Use the Cloudera Manager Wizard for Software Installation and Configuration
Use Cloudera Manager to search for cluster hosts that will run CDH and managed services. Enter in the public IP addresses of your EC2 instances.
Remember you can find those IP addresses from your AWS Console in EC2 service, Instances section:
Once you have entered the IP addresses, click on "Search" for Cloudera Manager to identify the hosts on your cluster that are ready to be configured with CDH services. Once done, you should see a screen similar to the following:
After the hosts have been identified, you can select the installing method. Select "Use Parcels" if not already selected and click on "Continue".
On the next screen, make sure you select "Install Oracle Java SE Development Kit (JDK)". You do not need to select "Install Java Unlimited Strength Encryption Policy Files". Click on "Continue".
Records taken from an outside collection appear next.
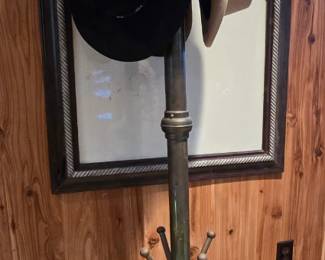 Brass Hat Rack - Cowboy Hats 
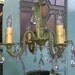 Antique French Petite Chandelier Sconce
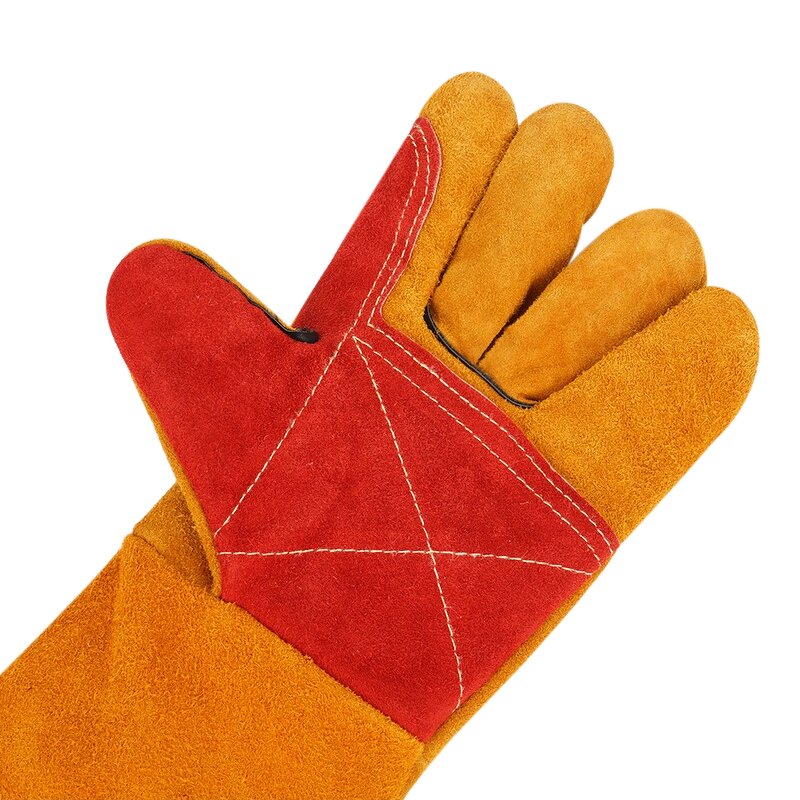 Welding Safety Gloves Factory - Long Cuff Cowhide for Welder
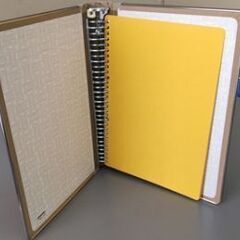布貼りバインダー（コクヨ ）5冊まとめの画像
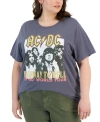 GRAYSON THREADS, THE LABEL TRENDY PLUS SIZE AC/DC GRAPHIC T-SHIRT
On the next screen, click on "Continue".
On the next screen, you should provide Cloudera Manager with SSH credentials. Select "Another user" and type in "ubuntu" (same login used to SSH to your EC2 instance). For the Authentication method, select "All hosts accept same private key" and for the Private Key File, select your EC2 private key (Windows users: use the .pem file, not the .ppk one).
On the next screen, the Install agents will be downloaded and installed on all hosts. Wait for the installation to succeed on all instances (all green). Once done, click on "Continue".
Then the parcels that you selected earlier will be installed. Once done, click on "Continue".
The Host Inspector will now validate the installation and provides a summary of the results. Click on "Finish".
On the first page of the Add Services wizard, choose the combination of services to install. You can for example select "Custom Services" and choose the following services: HBase, HDFS, Hive, Hue, Impala, Oozie, Spark, Sqoop2, YARN.
Click on "Continue".
The next screen lets you customize the role of each host of your cluster. In our case, make sure that the "Master" node or "NameNode" or "Gateway" node, etc… are all pointed to the instance that we chose as t2.large.
If the IPs shown in CDH installer are not the t2.large instance for the master/namenode/gateways, then change it so that it points to the t2.large instance.
The View By Host should look like this:
Click on "Continue".
On the next screen, Keep the default setting of "Use Embedded Database"to have Cloudera Manager create and configure required databases. Record the auto-generated passwords.
Click "Test Connection", when all the tests are successful/skipped the "Continue" button turns blue. Click "Continue".
On the next screen, you should be able to apply any configuration change for your cluster. You can keep all default options and click "Continue".
The wizard starts a First Run of the services. When all of the services are started, click "Continue".
You will see a success message indicating that your cluster has been successfully started:
Your Hadoop cluster has now been successfully installed!